Softball questions for TSA nominee
President Obama’s much-belated nominee to head the Transportation Security Administration, Erroll Southers — faced only softball questioning at a confirmation hearing last week before the Senate Committee on Commerce, Science, and Transportation. None of the questions we’ve raised for the nominee about TSA policies and procedures, or about the philosophical or practical attitude of the nominee toward the right to travel, were asked by any of the Senators. Nor, despite the nominee’s background of as a policeman (L.A. airport police commander and former FBI agent), was there any exploration of the role of the TSA as the Federal police agency that most often interacts directly with people who are accused of no crime — literally the front lines of Federal policing of innocent citizens.
The nomination of Mr. Southers has also been referred to the Committee on Homeland Security, which plans to hold its own confirmation hearing after it receives further background information from Mr. Southers, probably in late November.
If you want to know whether the Obama Administration and its nominee plan to set a new course for the TSA, let your Senators and the members of the Homeland Security know that you want them to ask tough questions (“Do we have a right to travel?
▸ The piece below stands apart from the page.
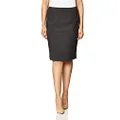 Calvin Klein Women's Straight Fit Suit Skirt (Regular and Plus Sizes), Charcoal, 4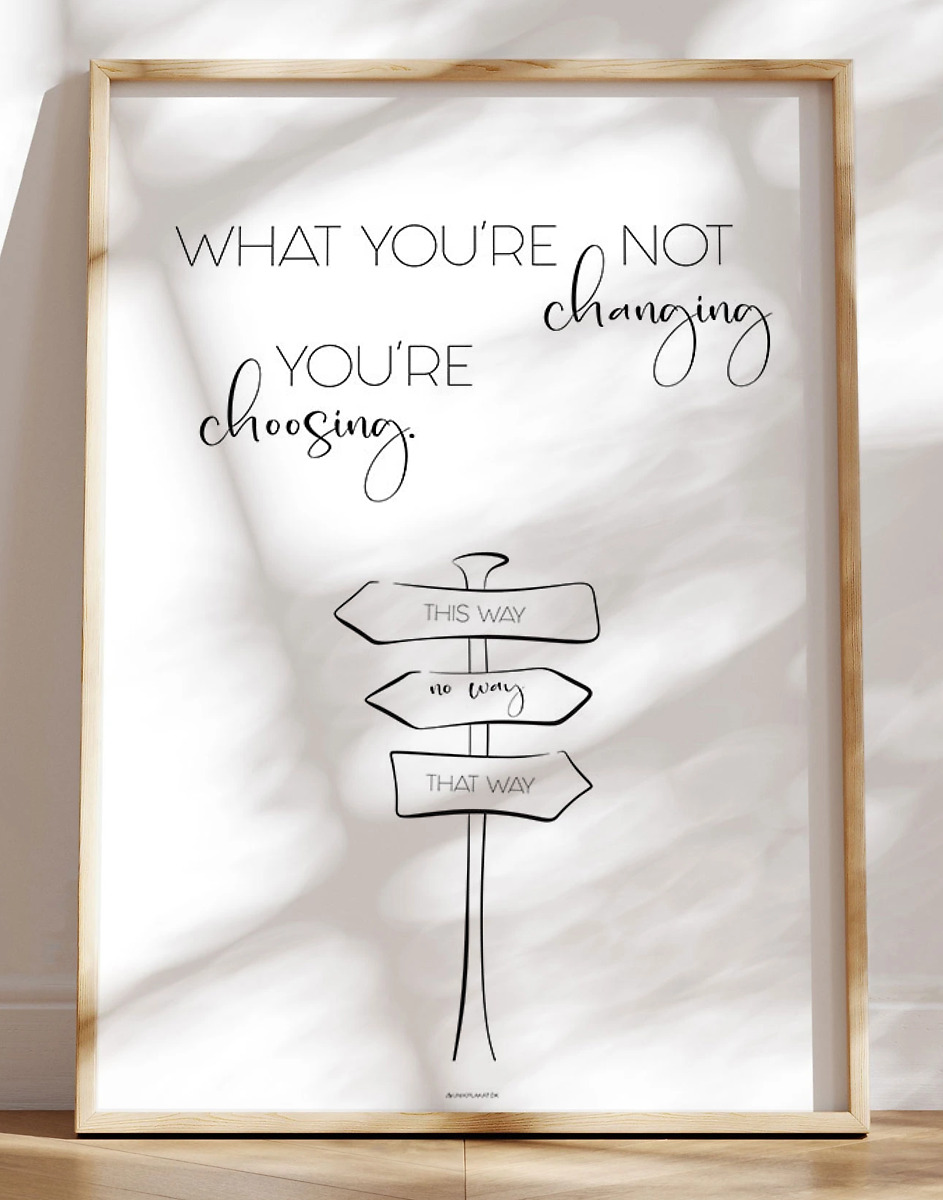 Change   Choice Citatplakat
Should the obligations of travelers at TSA checkpoints be spelled out in publicly-disclosed regulations? Should no-fly decisions be subject to judicial review? Should we have to show ID to fly? Should the government keep records of our travels?”) before they vote to approve any nominee for TSA Administrator.
On October 27, 2009, the Senate Committee on Commerce, Science, and Transportation voted to recommend to the the full Senate that it approve Mr. Southers’ nomination to be Administrator of the TSA. The next step will be the scheduling of a hearing on the nomination by the Senate Committee on Homeland Security, to which the nomination has also been referred.